| WHAT IS BEING ASKED |
Make a verbatim copy of the entries below; pictures stay out.

| DATA EXCERPTS |
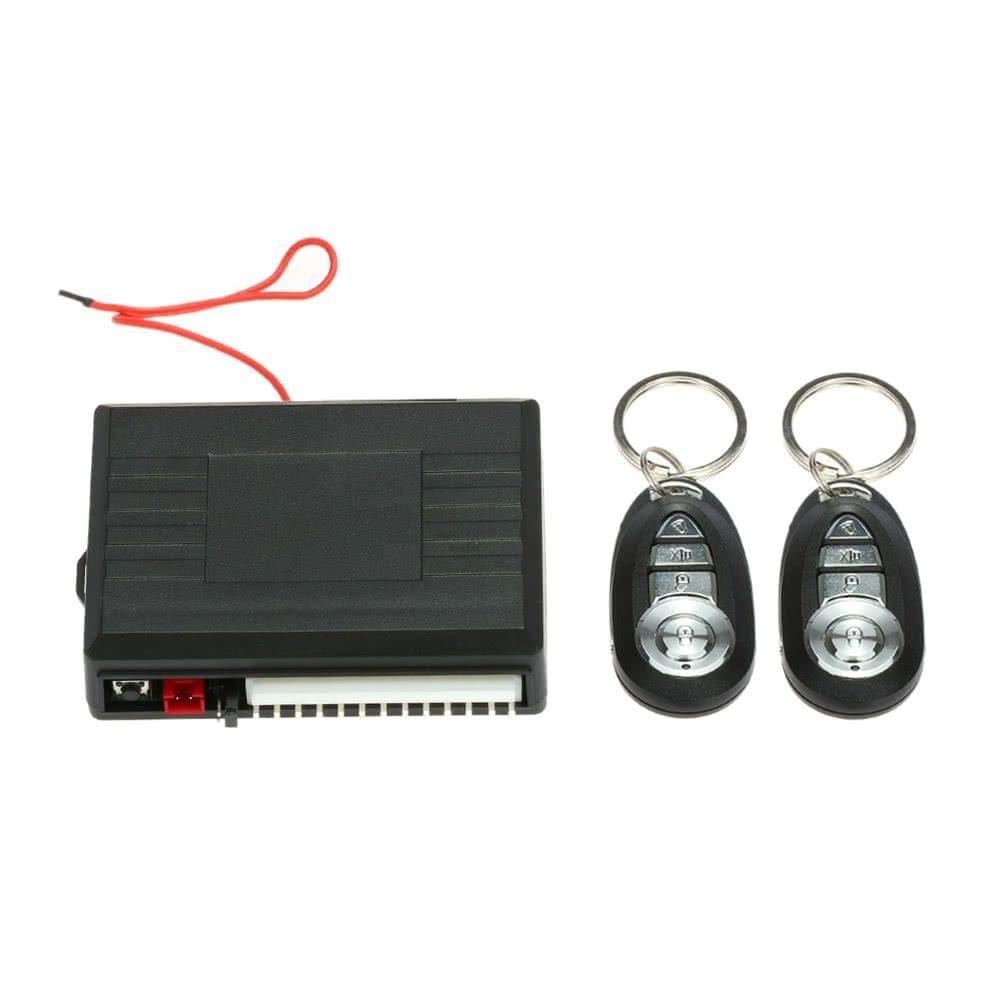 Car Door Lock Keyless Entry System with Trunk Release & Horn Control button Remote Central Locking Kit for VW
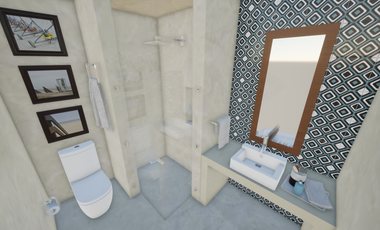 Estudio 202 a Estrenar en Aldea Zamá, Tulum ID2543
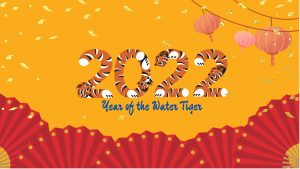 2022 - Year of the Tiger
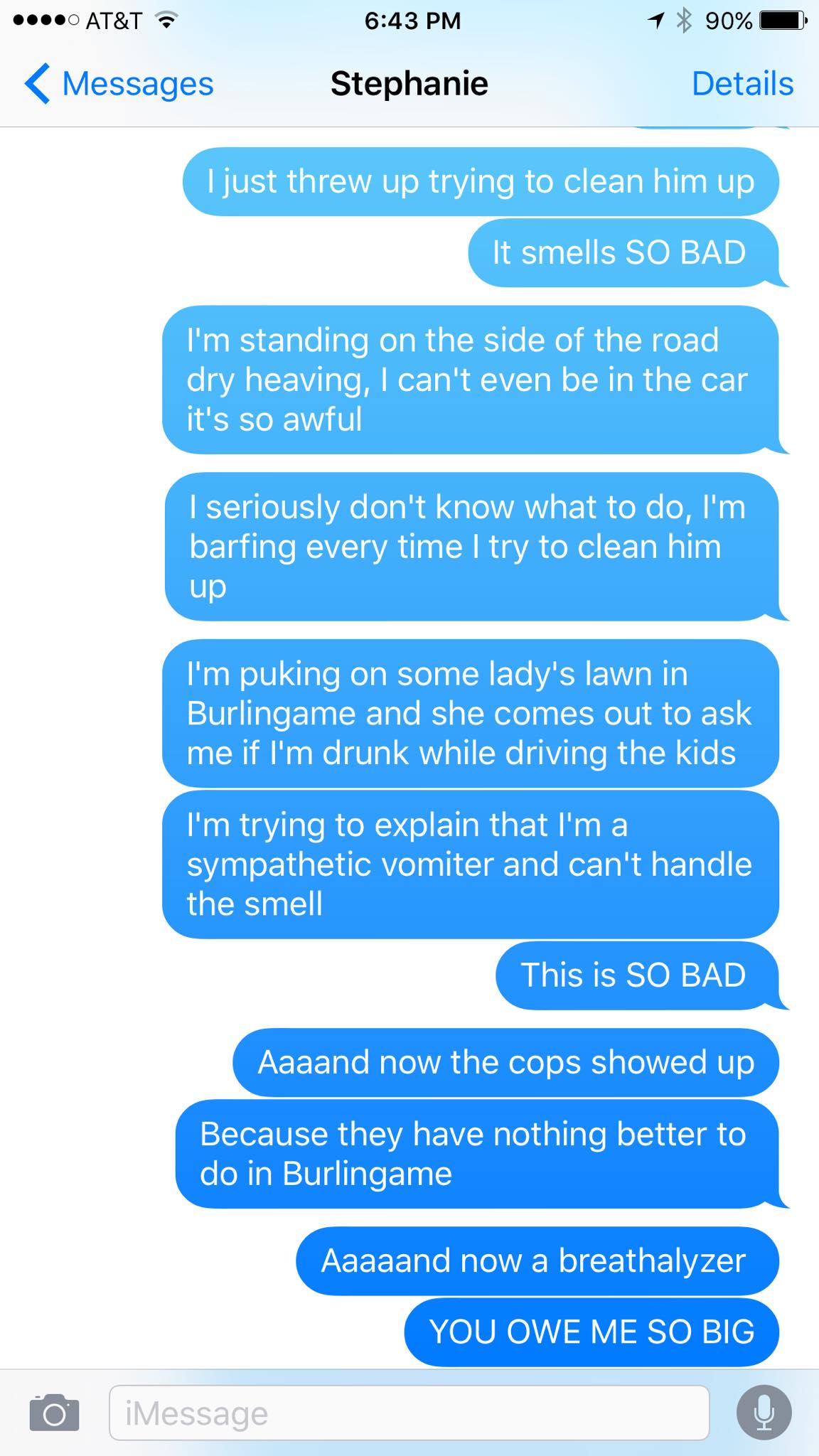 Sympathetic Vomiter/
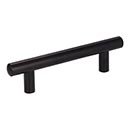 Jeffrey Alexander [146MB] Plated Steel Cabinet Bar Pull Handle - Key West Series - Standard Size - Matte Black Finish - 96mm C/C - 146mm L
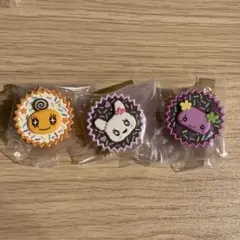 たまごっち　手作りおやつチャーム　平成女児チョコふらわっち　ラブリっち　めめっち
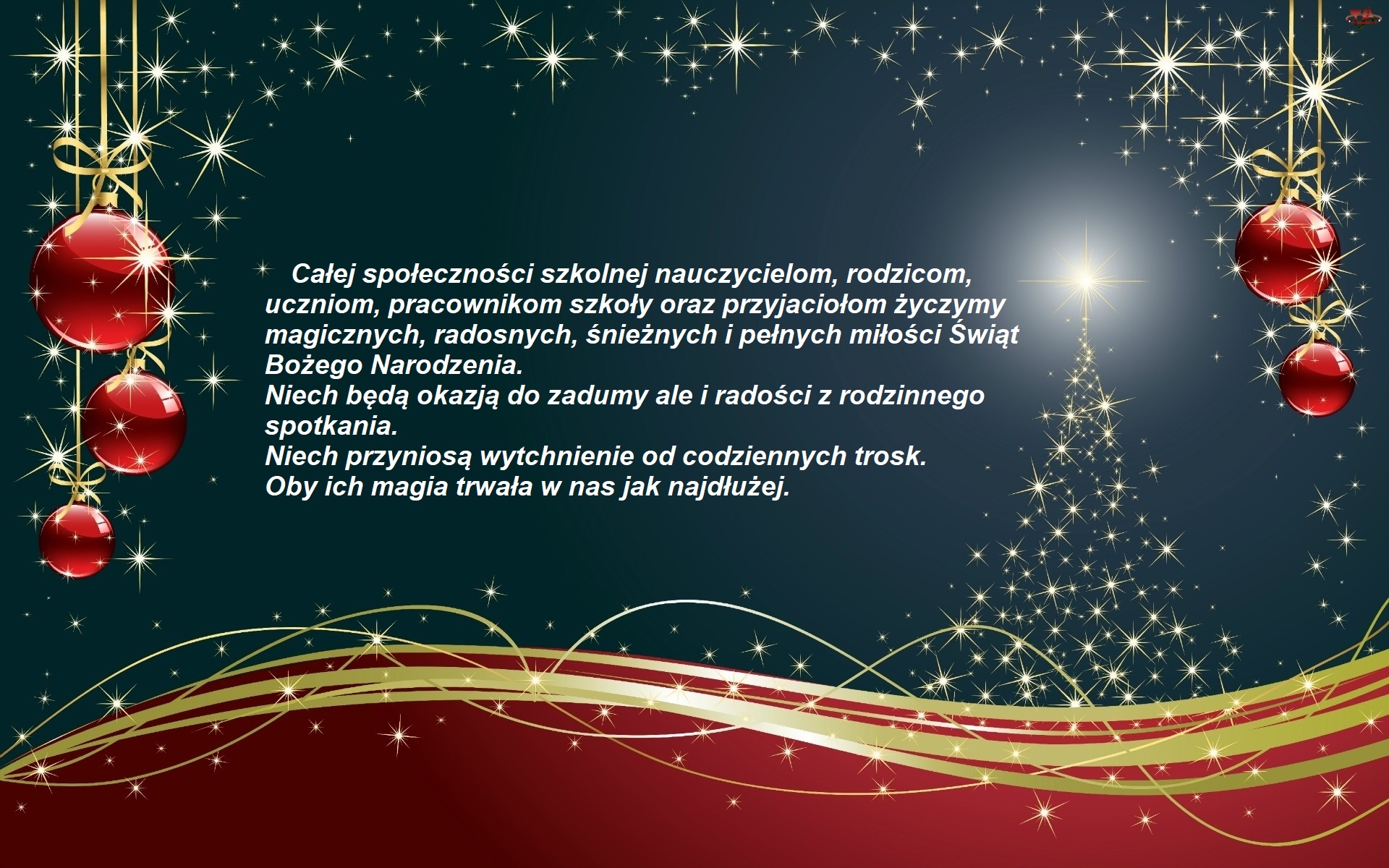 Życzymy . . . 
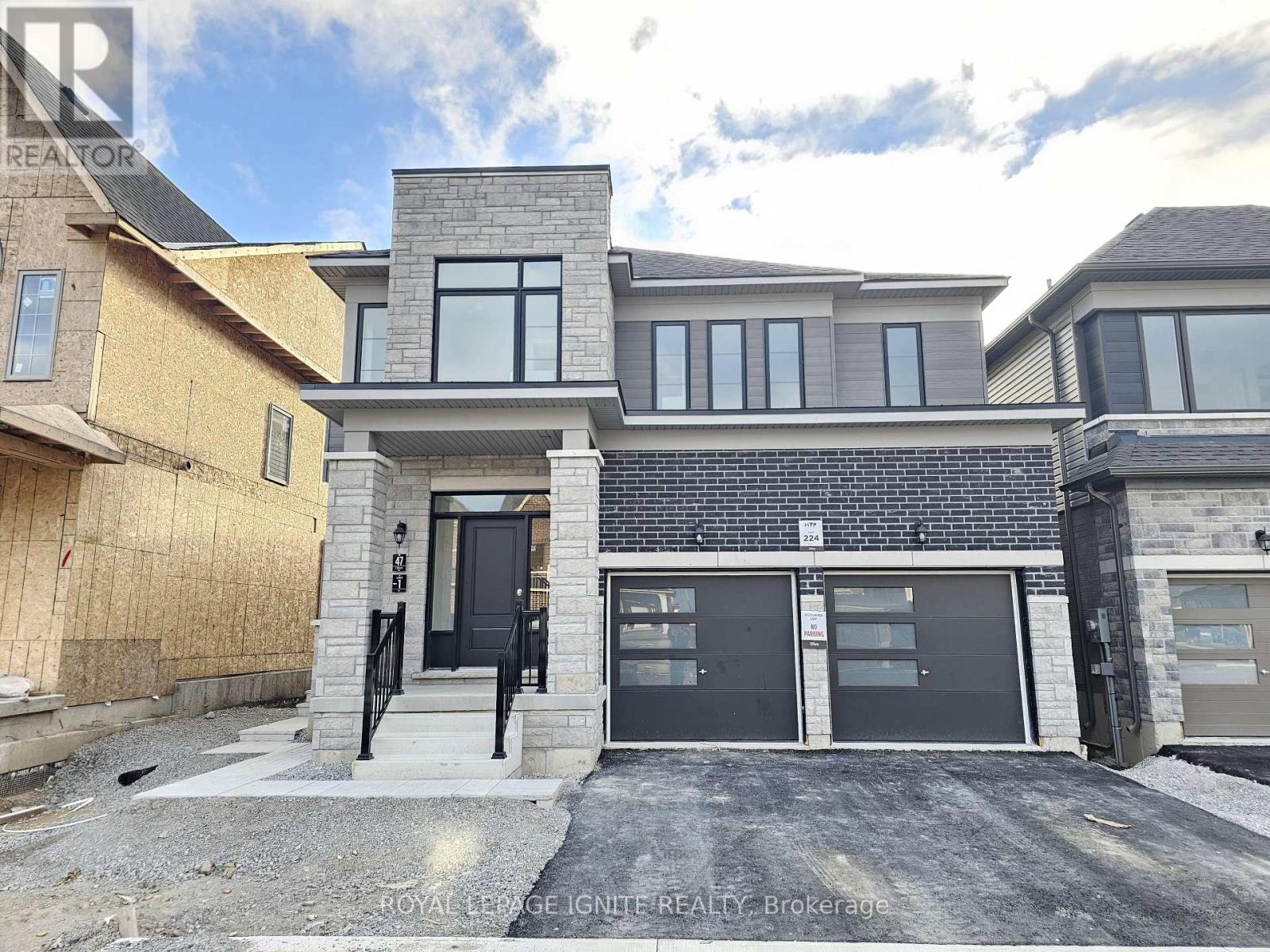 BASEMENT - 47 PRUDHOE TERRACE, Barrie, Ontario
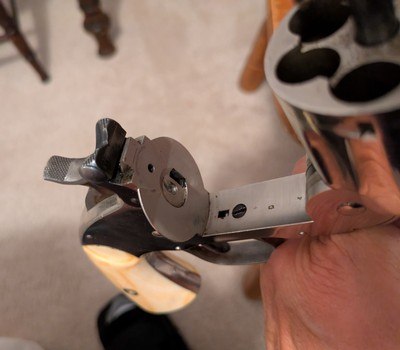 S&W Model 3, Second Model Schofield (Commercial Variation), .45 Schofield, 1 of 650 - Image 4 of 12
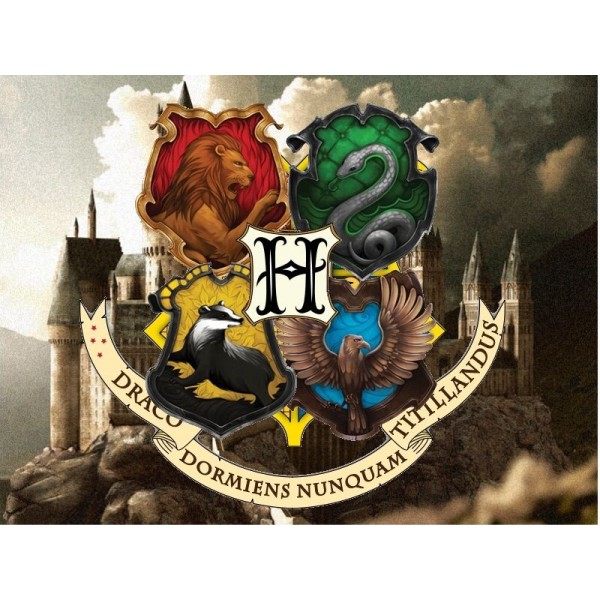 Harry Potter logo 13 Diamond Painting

| RESULT |
 Car Door Lock Keyless Entry System with Trunk Release & Horn Control button Remote Central Locking Kit for VW
 Estudio 202 a Estrenar en Aldea Zamá, Tulum ID2543
 2022 - Year of the Tiger
 Sympathetic Vomiter/
 Jeffrey Alexander [146MB] Plated Steel Cabinet Bar Pull Handle - Key West Series - Standard Size - Matte Black Finish - 96mm C/C - 146mm L
 たまごっち　手作りおやつチャーム　平成女児チョコふらわっち　ラブリっち　めめっち
 Życzymy . . . 
 BASEMENT - 47 PRUDHOE TERRACE, Barrie, Ontario
 S&W Model 3, Second Model Schofield (Commercial Variation), .45 Schofield, 1 of 650 - Image 4 of 12
 Harry Potter logo 13 Diamond Painting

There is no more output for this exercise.